The delay came about two weeks after top administration officials met with tobacco industry lobbyists, including former Democratic congressmen, as well as high-profile civil rights attorney Ben Crump and a top executive from Rev. Al Sharpton’s National Action Network.

A public health lobbyist noted that all the people who met with the White House on Nov. 20 had some sort of paid affiliation with the tobacco industry. Among them was Democratic pollster Cornell Belcher, who circulated a poll commissioned by tobacco company Altria that showed young voters and minority voters oppose the ban. 

“You know, that spooked some folks, and I think it spooked the White House enough that we’re still pushing” well after the rule was supposed to be published, the lobbyist said. 

Since some of the provisions would take a year to implement, Biden would need to publish the rule in the next week to ensure it takes effect before a potential new administration takes over.  

The White House is also facing a potential deadline with the Congressional Review Act, which would allow Congress to vote to overturn the rule if it is announced too close to the end of the year. Some experts think the White House has until the spring. 

But if the rule is published, the tobacco industry is expected to sue, which could potentially delay implementation even further.   

“We certainly know that the longer these rules sit out there, the more time the tobacco industry is going to use to just try to pummel them and make up new claims,” said Erika Sward, assistant vice president of national advocacy at the American Lung Association. 

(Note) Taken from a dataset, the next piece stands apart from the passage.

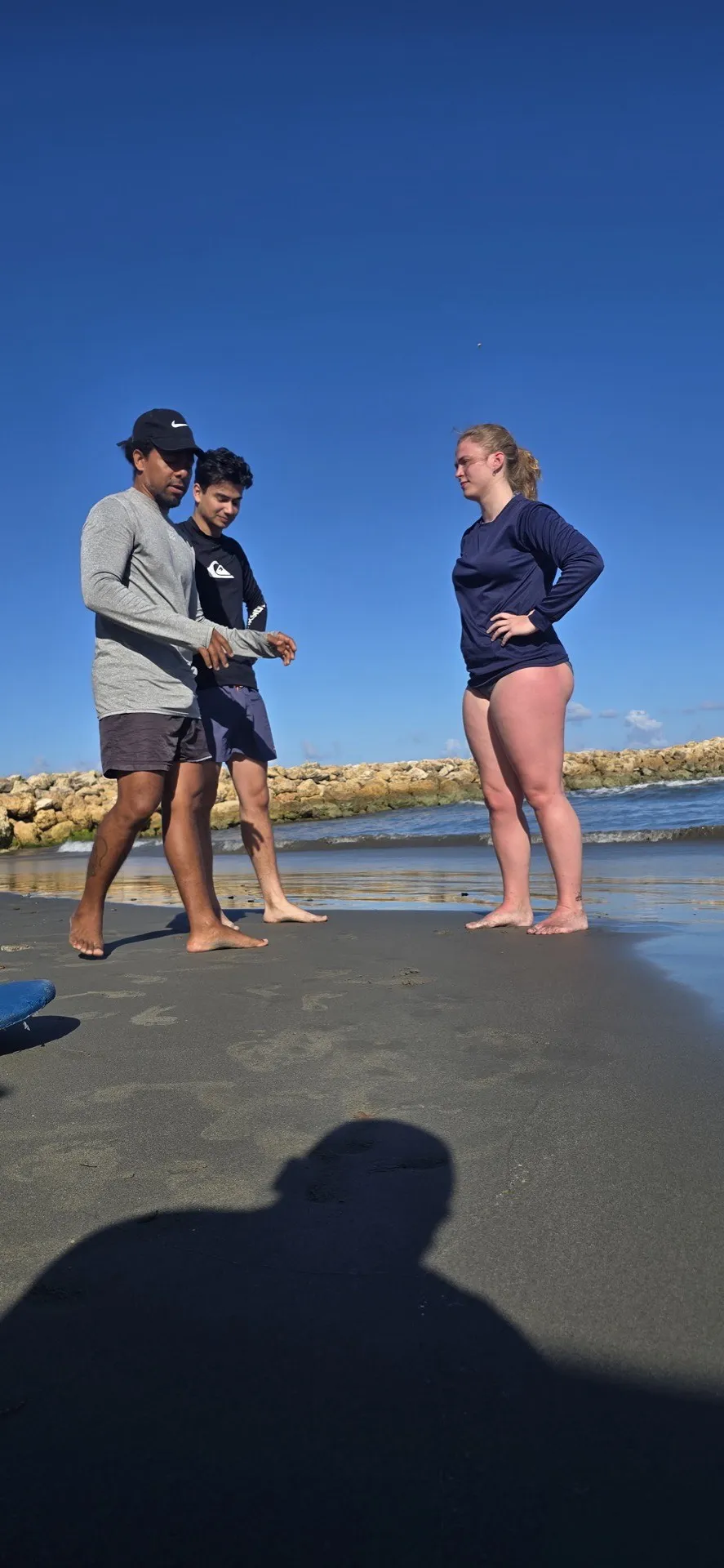 Students practicing surf stance on the beach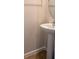 Small half bathroom with pedestal sink at 5031 Starboard St, Haines City, FL 33844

Public health groups are ramping up the pressure on the White House to publish the final rule, saturating the airwaves and newspapers with ads from Black public health leaders, big city health officials and prominent Democratic mayors, including Karen Bass of Los Angeles. 

The African American Tobacco Control Leadership Council is leading a “menthol funeral” on Jan. 18 in Washington, just steps from the White House, to memorialize the 45,000 Black Americans who die from tobacco-related illness each year, complete with a funeral procession and service. 

“This is ultimately coming down to a political decision by the president and his senior advisers,” Sward said, adding that Biden’s legacy issue of cutting the cancer death rate in half over the next 25 years will not happen if he backs down from banning menthol cigarettes and flavored cigars. 

“If he is following the science and following the scientific advisers, then he will finalize these rules,” Sward said. 

Congress banned flavored cigarettes as part of the 2009 law giving the Food and Drug Administration (FDA) authority to regulate tobacco products, but a loophole exempted menthol.  

Even though the FDA finally proposed a ban on menthol sales in 2022, the target date for the final rule has been slipping for months.    

The rule was initially slated for an August release but then wasn’t sent to the White House for final regulatory review until October, with the aim of releasing it by the end of the year. Now it’ll be March — if the rule is released at all.   

Public health experts have long said they’re used to making arguments that end up falling on deaf ears because of political calculations. 

Yolanda Richardson, president and CEO of the Campaign for Tobacco-Free Kids, said she’s been trying to show the White House that there’s a broad network of support for banning menthol cigarettes and that the political risks are being manufactured by the tobacco industry.   

Richardson said she’s “fairly confident” the health leaders in the White House are supportive, but “obviously this now has a political lens on it.”

“We understand that,” she said, “and we have been trying to get the messaging up to the White House that there is political coverage, if they can just get out of their own way.”

Still, she said she was surprised the White House would seriously entertain arguments from the tobacco industry.  

“We would have thought that the administration would have been prepared for this,” Richardson said. “We’re not surprised [there’s political concerns]. We are frustrated that the administration seems to have been unprepared for that kind of pushback.”